A poker simulation in the document view.

Ambsheet-backed applications

Another area of ongoing work is wrapping ambsheet models in user interfaces tailored to more specific use cases. This could include a poker simulation visualized on a spatial canvas that looks like a poker table:

A poker simulation in a spatial canvas view

Or it could look like a simple minimal UI with inputs and outputs. We made one such UI for predicting the due date of a baby, given the known statistical likelihoods:

An interface predicting the due date of a baby

In all of these cases, the full power of the Ambsheet language would remain available to the user if desired. For example, the birthday predictor “application” shown above is just a thin wrapper around an Ambsheet document:

Excel’s What-If

The What-If Analysis feature in Microsoft Excel solves a similar need to Ambsheets, but with some key differences.

First, the UI for What-If Analysis is not integrated into the spreadsheet itself—you need to open a separate mode to enter cell values or view the possible scenarios. In an ambsheet, you can start exploring scenarios right within the sheet itself.

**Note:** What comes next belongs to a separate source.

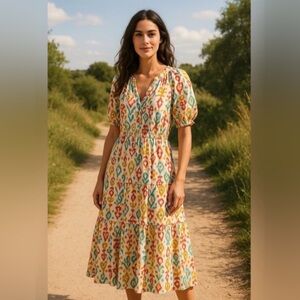 Anthropologie Felipa Ikat Printed Maxi Dress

More fundamentally, Excel requires the user to manually enter a scenario for every combination of multiple variables—in the simple example above, exploring 2 cars, 3 apartments, and 2 Netflix plans would require entering 12 scenarios, with names like “Cheap Car / Medium apartment / Premium Netflix”. In contrast, Ambsheet automatically computes all combinations of the three amb values.

Squiggle

Squiggle is “a simple programming language for intuitive probabilistic estimation”.

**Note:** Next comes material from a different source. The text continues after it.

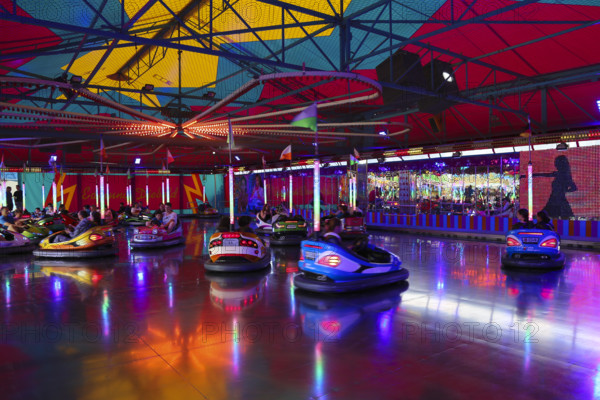Bumper car, autodrome, bumper cars, boxing car, self-driver, fairground in Ulm Friedrichsau, public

Squiggle shares the same general goal as Ambsheet. It also has many language constructs for letting users express probability distributions—such as writing X to Y to express 90% confidence that a value is between X and Y—which we think could provide inspiration for expressing distributions in Ambsheet.

Currently the main difference between Ambsheet and Squiggle is the spreadsheet form factor used in Ambsheet, which provides a familiar data-first live programming experience.

A Squiggle program estimating the number of piano tuners in New York City by performing arithmetic operations on probability distributions representing uncertain estimates.

Subjunctive interfaces

Aran Lunzer coined the idea of subjunctive interfaces:

The aim of the ‘subjunctive interface’ concept is to make broader searches more manageable, by letting users propose multiple alternative values for each parameter where normally only a single value can be supplied, and by supporting the viewing and comparison of the various resulting outcomes.

Ambsheet suggests a principled approach to building subjunctive interfaces: building programming languages and environments that support ambs as first-class citizens. Lunzer’s work also suggests some ideas for guiding further development of Ambsheet, such as allowing users to combine complementary parts of different solutions.

Soulver

Soulver offers a live notebook interface for performing simple math computations. We are inspired by Soulver’s natural language syntax, which accommodates a variety of units and has a design goal of “[making] common tasks involving numbers more natural for the human brain.” The notebook interface we are now exploring for Ambsheet resembles a Soulver notebook—except instead of just a single column of results, it shows many columns representing possible simulated outcomes.

Conclusion

In this paper, we have contributed:

an extension to traditional spreadsheet formula languages that accommodates ambs with multiple values
a UI for defining, viewing and analyzing ambs in a spreadsheet view

The invention of the original spreadsheet empowered many people to use computers for mathematical modeling. Our goal for the Ambsheet project is to gently extend spreadsheets to enable new forms of scenario analysis and probabilistic simulation, while retaining accessibility for a broad group of non-expert users.